SUPPLIED MATERIAL:
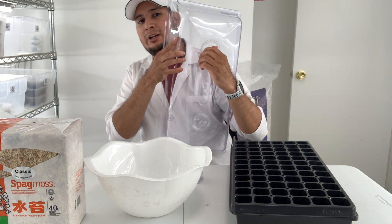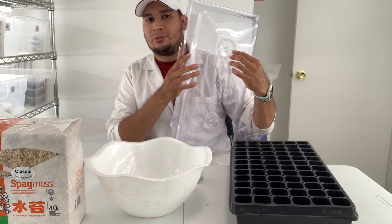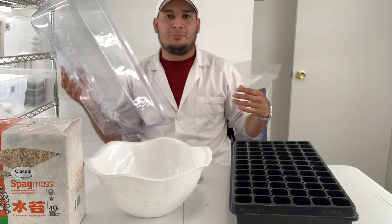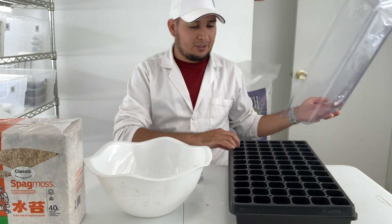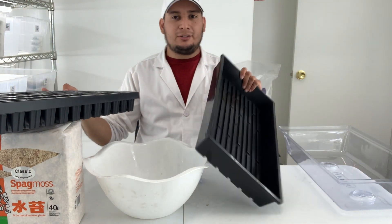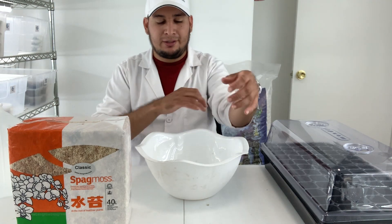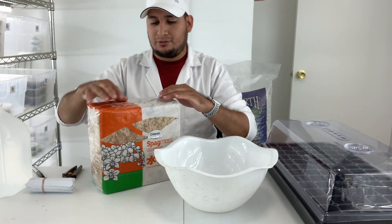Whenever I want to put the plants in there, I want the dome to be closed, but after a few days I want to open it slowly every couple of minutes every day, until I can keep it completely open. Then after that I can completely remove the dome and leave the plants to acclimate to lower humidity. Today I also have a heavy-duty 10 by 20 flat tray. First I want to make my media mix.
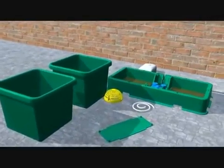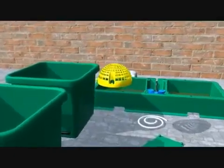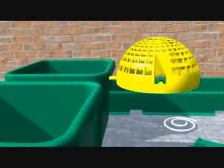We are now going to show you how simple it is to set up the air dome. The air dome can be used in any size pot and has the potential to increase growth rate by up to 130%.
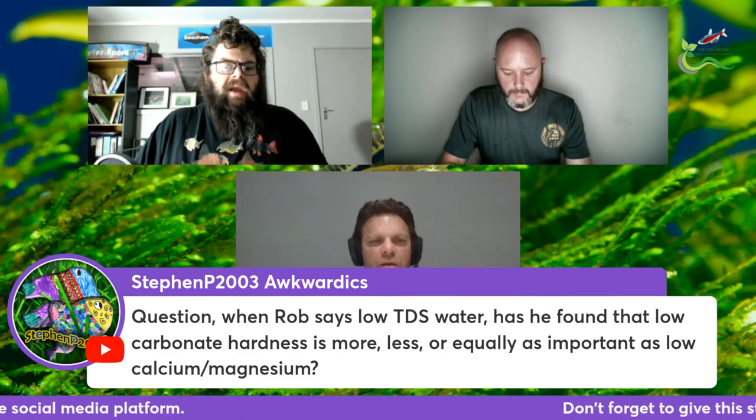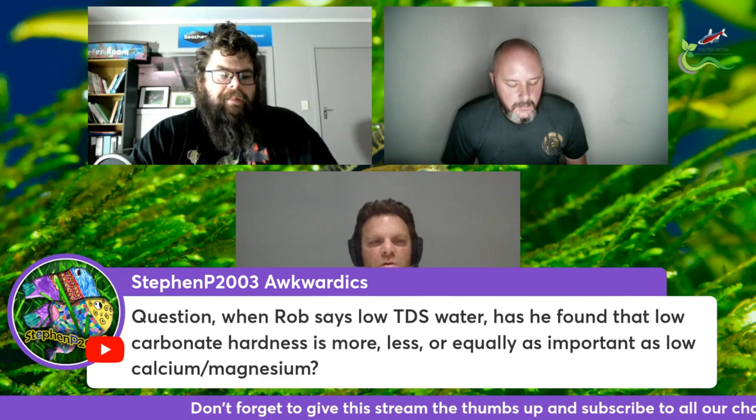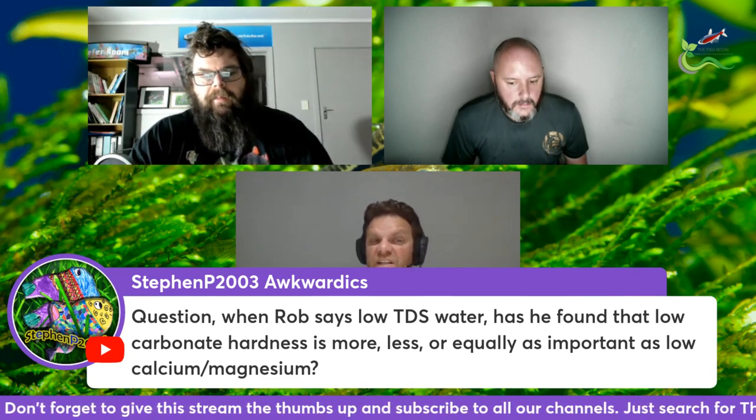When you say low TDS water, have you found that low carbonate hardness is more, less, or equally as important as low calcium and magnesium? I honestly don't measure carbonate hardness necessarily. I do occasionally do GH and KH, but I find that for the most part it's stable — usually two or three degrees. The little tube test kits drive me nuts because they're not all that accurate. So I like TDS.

--

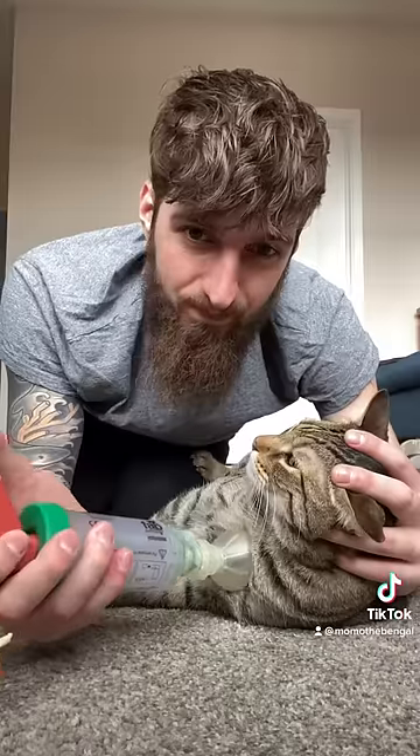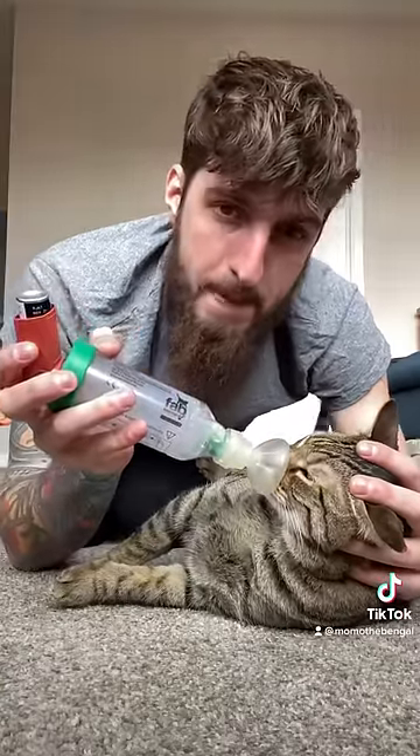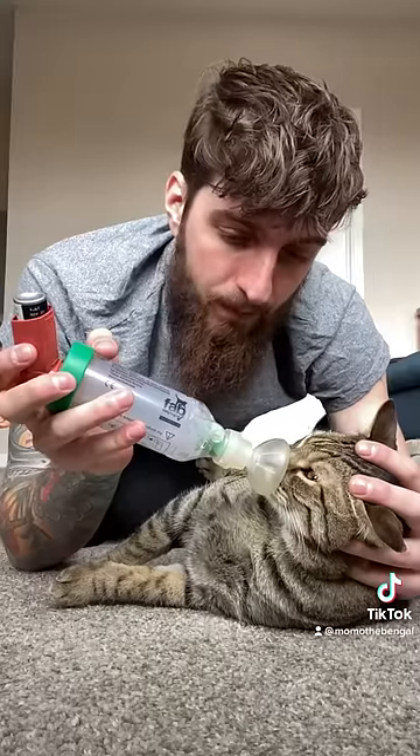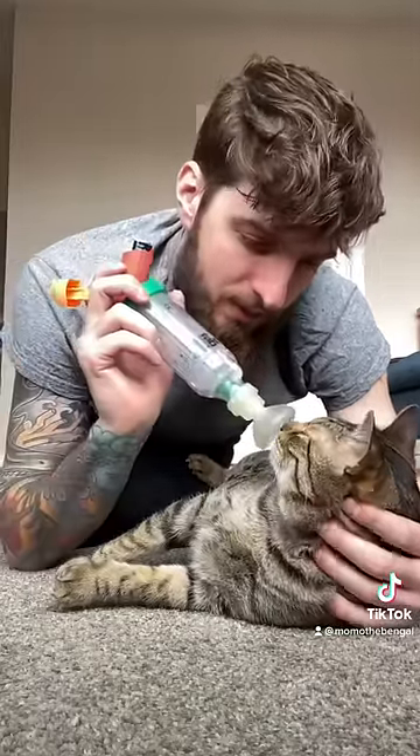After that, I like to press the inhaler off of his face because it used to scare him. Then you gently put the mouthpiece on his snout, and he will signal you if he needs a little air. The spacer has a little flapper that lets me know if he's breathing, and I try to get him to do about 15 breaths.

EXERCISE REQUIREMENTS: Would you copy the lines above exactly, starting with the one that has "Whenever I want" and ending with the one that has "When you say", both included, without the pictures?

RESPONSE FOR THIS EXERCISE:
Whenever I want to put the plants in there, I want the dome to be closed, but after a few days I want to open it slowly every couple of minutes every day, until I can keep it completely open. Then after that I can completely remove the dome and leave the plants to acclimate to lower humidity. Today I also have a heavy-duty 10 by 20 flat tray. First I want to make my media mix.
We are now going to show you how simple it is to set up the air dome. The air dome can be used in any size pot and has the potential to increase growth rate by up to 130%.
When you say low TDS water, have you found that low carbonate hardness is more, less, or equally as important as low calcium and magnesium? I honestly don't measure carbonate hardness necessarily. I do occasionally do GH and KH, but I find that for the most part it's stable — usually two or three degrees. The little tube test kits drive me nuts because they're not all that accurate. So I like TDS.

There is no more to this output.